The coalition also detained, apparently without charge, at least 115 fishermen, including 3 children, in Saudi Arabia for between 40 days and more than two-and-a-half years. Seven former detainees said that Saudi authorities tortured and ill-treated apprehended fishermen and boat crew members and denied them contact with their families, legal counsel, and Yemeni government representatives.

The attacks and detentions severely affected remote fishing communities that lost the primary earners for dozens of families. They have also deterred other fishermen from going to sea. “Before the war, fishing was good,” said the wife of a fisherman. “But we heard that eight men from the neighborhood next to us were killed … so [my husband] stopped going.”

The San Remo Manual on Armed Conflict at Sea, which is widely viewed as reflecting customary laws of war at sea, requires attacking forces to do everything feasible to limit attacks to military targets. Vessels are presumed to be civilian unless they are carrying military equipment or presenting an immediate threat to the attacking vessel. “Small coastal fishing vessels” are specifically exempt from attacks. These vessels must submit to identification and inspection when required, and follow orders, including orders to stop or move out of the way. The laws of war also place a duty on parties to the conflict, whenever circumstances permit but particularly after an engagement, to take all possible measures to search for and collect the wounded and shipwrecked.
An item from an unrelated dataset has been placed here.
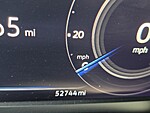 Used 2022 Volkswagen Atlas Cross Sport 3.6L V6 SE W/TECHNOLOGY FWD in DAVIE, FLORIDA (Photo 24)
The Saudi-led coalition has consistently failed to investigate alleged war crimes and other unlawful attacks, including the attacks on fishing boats, Human Rights Watch said. No coalition personnel are known to have been disciplined or prosecuted for attacking Yemeni fishing boats.

The coalition body that reviews alleged laws of war violations by coalition forces, the Joint Incident Assessments Team (JIAT), has investigated fewer than 10 alleged attacks on civilians at sea, none of which appear to correspond with the attacks Human Rights Watch investigated. The JIAT did not find coalition wrongdoing in any of these cases or recommend payments to victims.

The fishermen and their relatives interviewed said that the JIAT had never contacted them. Saudi authorities gave monetary and equipment “assistance” to families of fishermen killed in only one case that Human Rights Watch investigated, and money to released crew members in another.

Human Rights Watch wrote to the coalition on June 21 about the incidents investigated, but has received no reply.

Houthi forces, who control much of northern Yemen and are the target of the coalition forces, have unlawfully attacked commercial traffic in the Red Sea. In its 2018 final report, the UN Panel of Experts noted Houthi attacks on a crude oil tanker, a bulk cargo carrier, and a World Food Program charter vessel. Houthi forces launched attacks with anti-ship cruise missles, remote-controlled boats filled with explosives, and skiffs carrying armed men. Houthi forces have also announced their use of sea mines, which pose a grave risk to civilian vessels.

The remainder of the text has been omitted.